The appellant submitted in support of the first ground of appeal that the trial judge erred in failing to summarise defence counsel’s submissions about the deficiencies in the fingerprint evidence. In particular, during his closing address, defence counsel drew attention to the smudging of the print, the potential for a difference to arise in that portion, and the failure to adhere to best practice. He also referred at length to the absence of any independent evidence on verification.[3] He also relied upon the two additional unidentified fingerprints that had been found on the Johnny Walker bottle and their significance.
[3]The specific complaint made in relation to the judge’s summary on this issue is made in Grounds 3 and 4.
In his Opening Address, defence counsel said:
He [the prosecutor] says that there were prints taken from the bottle and there were, there were three of them. But only one of them matched my client. That’s the evidence you’ll hear, and you might think that’s significant.
In his Closing Address he said:
I touched before upon the issue of the three fingerprints. There are three lifts taken, plus an additional partial print. …
You might recall that he [Mr Schofield, the police officer who took the prints] said that the prints were possibly left there on three separate occasions or possibly by three separate people.
Now we don’t know anything about these prints. We don’t know anything about the people who left them. Any one of those people could be in the dock, members of the jury, on the prosecution case, if their print was matched. …

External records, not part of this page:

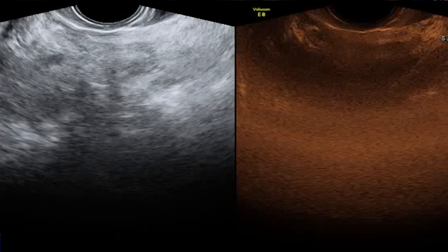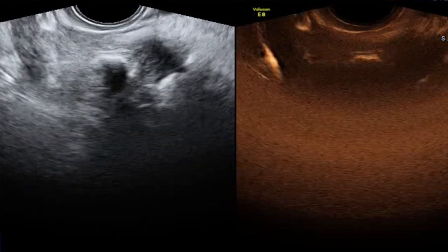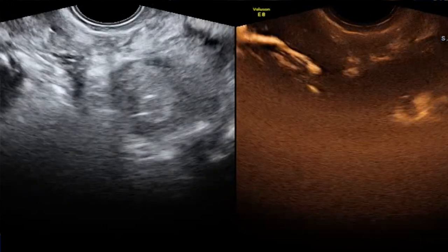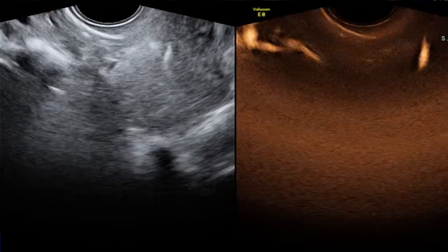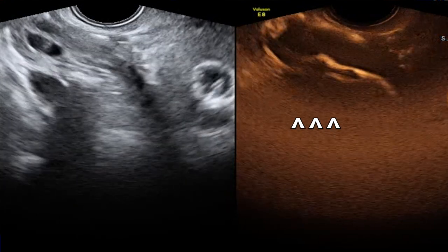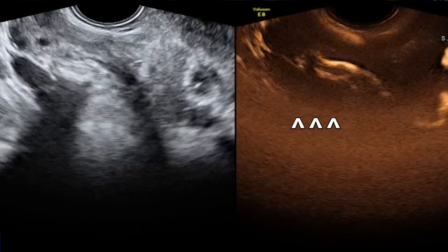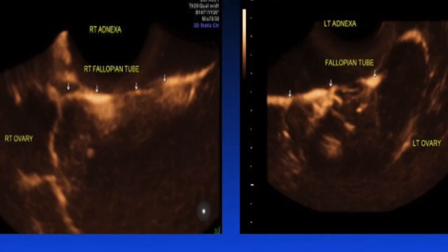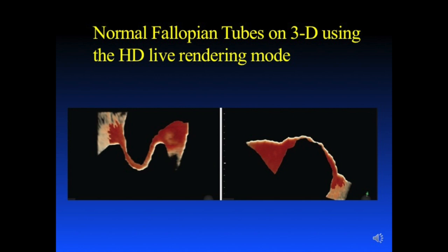This is the right fallopian tube showing the smooth walls and the fimbrial end and the right periovarian diffusion. This is a 3D reconstruction of the right fallopian tube and periovarian diffusion, and the left fallopian tube with the left periovarian diffusion.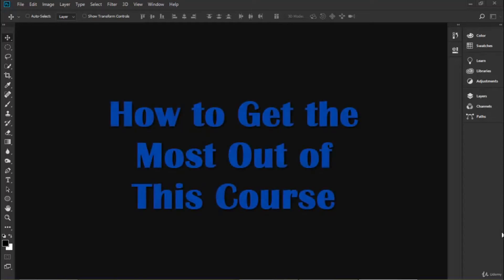Hello and welcome back. This lecture is about how to get the most out of this course. It's an important lecture, so bear with me for a second here because I have two main tips that are going to really help you to learn Photoshop about a million times faster than you would otherwise.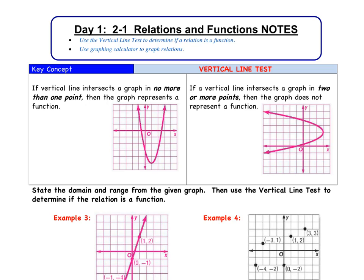Each x value has only one y value in return. If a vertical line intersects a graph in two or more points, then the graph does not represent a function. So if we draw an imaginary vertical line at any point in this graph, it crosses it twice — therefore, it is not a function.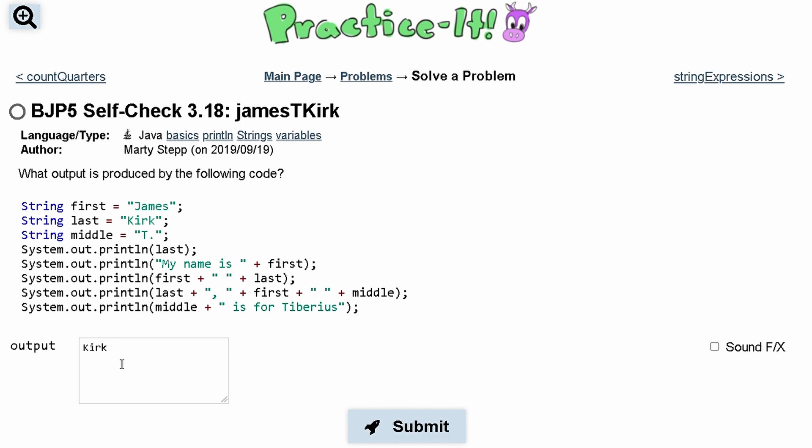Next line we have 'my name is' and then first, which is James. The next line we have first, which is James, and then the last name, which is Kirk.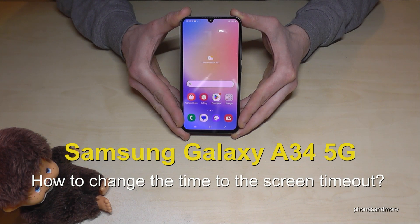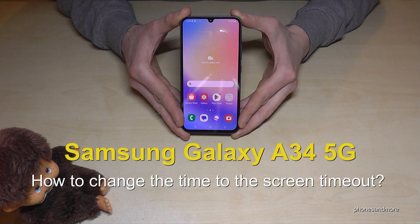Hello everybody! I want to show you with this video how you can change the screen timeout time on the Samsung Galaxy A34 5G.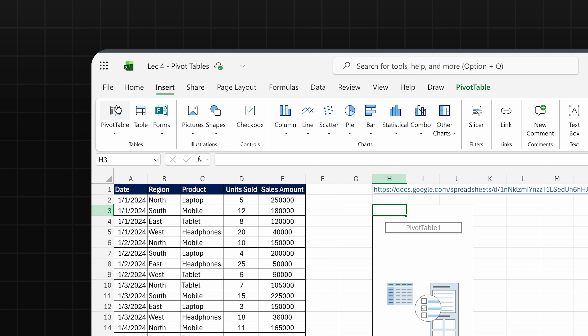Hello everyone, hope you are doing well. In this video we are going to discuss pivot tables. In the last lecture we learned about the most important advanced Excel formulas: SUMIFS, COUNTIFS, and AVERAGEIFS. Now in this lecture we are going to learn how you can replace all these complex formulas with one table.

Perhaps the other prints belong to the offender. Who knows? You don’t know and you can’t know. … Any presumption has got to be in my client’s favour, not against him.
We haven’t been told that this person or that person’s been excluded. There’s been a match of this person, that it was a little old lady or this person, and they died prior to the incident. It’s simply been left to speculation.

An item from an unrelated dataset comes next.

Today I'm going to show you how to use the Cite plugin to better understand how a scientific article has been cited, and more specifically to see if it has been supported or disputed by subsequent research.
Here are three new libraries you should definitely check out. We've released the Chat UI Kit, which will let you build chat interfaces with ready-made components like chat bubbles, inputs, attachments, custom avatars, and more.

It would appear that the defence counsel thereby sought to make two points: (1) there ought be no speculation that the other unidentified prints also belonged to the appellant, and (2) that the unidentified prints had not been excluded by the Crown as belonging to someone unconnected to the offence.
In his charge, the judge summarised this aspect of the defence case by saying:[4]
Mr Norton [defence counsel] put to you that the evidence which the Crown invited you to accept involved a degree of speculation and reminded you … that you cannot speculate. He put to you that you ignore the three fingerprints, you cannot speculate about that, but you ignore two of the three fingerprints. You cannot speculate about that.
[4]Emphasis added.
Defence counsel took exception to the judge’s summary pointing out that the trial judge had summarised one of his submissions but not the other. He contended to his Honour that he had not said that the two unidentified prints located on the bottle were to be ignored but were rather to be taken account of to demonstrate that the Crown case had not excluded other persons. At the end of the exchange between his Honour and defence counsel, the judge accepted that ‘the failure of the Crown to do it [identify the other prints] goes to the weight of the case they’ve got, but no further than that’. However, his Honour did not go on to redirect the jury on the issue or to correct his earlier statement that it was the defence case that the two unidentified prints should be ignored. The appellant argued that a redirection should have been given.
The respondent submitted that the trial judge’s summary was adequate in light of the fact that the trial was very short and the case raising only a principal single issue, namely, whether the appellant was the offender. Both Senior Constable Gordon and the appellant gave evidence the day before the judge’s charge. Defence counsel’s closing was given on the same day as the judge’s charge and would have been fresh in the jury’s memory when it retired to consider its verdict.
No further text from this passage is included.